### YOUR TASK
Whenever a line below holds the word "some", count it once; report the total and nothing else.

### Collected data
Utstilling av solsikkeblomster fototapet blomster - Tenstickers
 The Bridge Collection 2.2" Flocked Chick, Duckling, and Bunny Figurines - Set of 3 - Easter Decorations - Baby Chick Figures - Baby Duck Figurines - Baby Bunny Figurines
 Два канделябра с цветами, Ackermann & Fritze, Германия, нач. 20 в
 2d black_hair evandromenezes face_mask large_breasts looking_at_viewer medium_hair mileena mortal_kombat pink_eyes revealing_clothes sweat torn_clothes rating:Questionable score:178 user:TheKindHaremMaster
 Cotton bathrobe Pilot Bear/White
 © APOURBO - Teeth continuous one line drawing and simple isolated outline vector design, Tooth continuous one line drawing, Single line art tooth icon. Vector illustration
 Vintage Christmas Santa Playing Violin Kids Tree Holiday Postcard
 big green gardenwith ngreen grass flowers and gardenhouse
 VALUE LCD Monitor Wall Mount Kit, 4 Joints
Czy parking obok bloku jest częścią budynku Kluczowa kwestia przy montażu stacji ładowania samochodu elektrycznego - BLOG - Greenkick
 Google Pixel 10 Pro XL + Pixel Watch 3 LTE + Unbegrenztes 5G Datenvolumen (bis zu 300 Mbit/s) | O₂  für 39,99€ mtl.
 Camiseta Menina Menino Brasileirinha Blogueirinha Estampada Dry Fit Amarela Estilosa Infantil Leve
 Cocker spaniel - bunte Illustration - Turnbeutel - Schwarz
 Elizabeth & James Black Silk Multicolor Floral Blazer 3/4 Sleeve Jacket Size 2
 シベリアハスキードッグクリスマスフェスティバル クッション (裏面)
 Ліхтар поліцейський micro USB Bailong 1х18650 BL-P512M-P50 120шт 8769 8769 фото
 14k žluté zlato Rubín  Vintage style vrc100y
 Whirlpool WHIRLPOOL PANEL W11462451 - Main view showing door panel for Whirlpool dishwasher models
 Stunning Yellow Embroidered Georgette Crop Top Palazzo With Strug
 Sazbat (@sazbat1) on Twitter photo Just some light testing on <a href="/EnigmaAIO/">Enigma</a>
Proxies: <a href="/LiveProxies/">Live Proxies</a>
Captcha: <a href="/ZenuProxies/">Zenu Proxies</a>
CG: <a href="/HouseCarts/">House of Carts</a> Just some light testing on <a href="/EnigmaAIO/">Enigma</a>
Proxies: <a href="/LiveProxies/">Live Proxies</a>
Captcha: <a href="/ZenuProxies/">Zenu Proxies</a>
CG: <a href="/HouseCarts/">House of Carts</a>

### WRITTEN SOLUTION
2